There is also some limited evidence emerging that conjugated linoleic acids (CLA) – a type of fatty acids associated with dairy products – may be protective for heart health.
Products derived from milk are also rich sources of some essential micronutrients such as calcium, potassium and iodine. The University of Reading say that, for a number of reasons, these are more bioavailable from dairy products. That is, they are more likely to be absorbed by the human body from dairy, than from some other foods.
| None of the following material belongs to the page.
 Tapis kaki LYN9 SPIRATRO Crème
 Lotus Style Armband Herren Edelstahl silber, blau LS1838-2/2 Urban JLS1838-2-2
Recipe for Low-Carb Mille Feuilles
Low-Carb, Keto & Vegetarian. Free From Gluten, Sugar & Artificial Sweeteners.
For the Fat Head ‘Pastry’
- 180g/1½ cups grated mozzarella
- 100g/7/8 cup ground almonds/almond flour
- 30g/2 tbsp full-fat cream cheese
- ½ tsp white wine vinegar
- 1 medium egg
- ½ tsp xanthan gum (optional, but improves consistency – worth investing if you’re going to do a lot of low-carb baking)
For the Filling
- 150ml/10 tbsp double/heavy whipping cream
- 25g/1/8 cup powdered erythritol (or xylitol) sugar substitute (If you only have granulated erythritol, you can turn it into powder yourself by grinding it for a few seconds in a coffee grinder).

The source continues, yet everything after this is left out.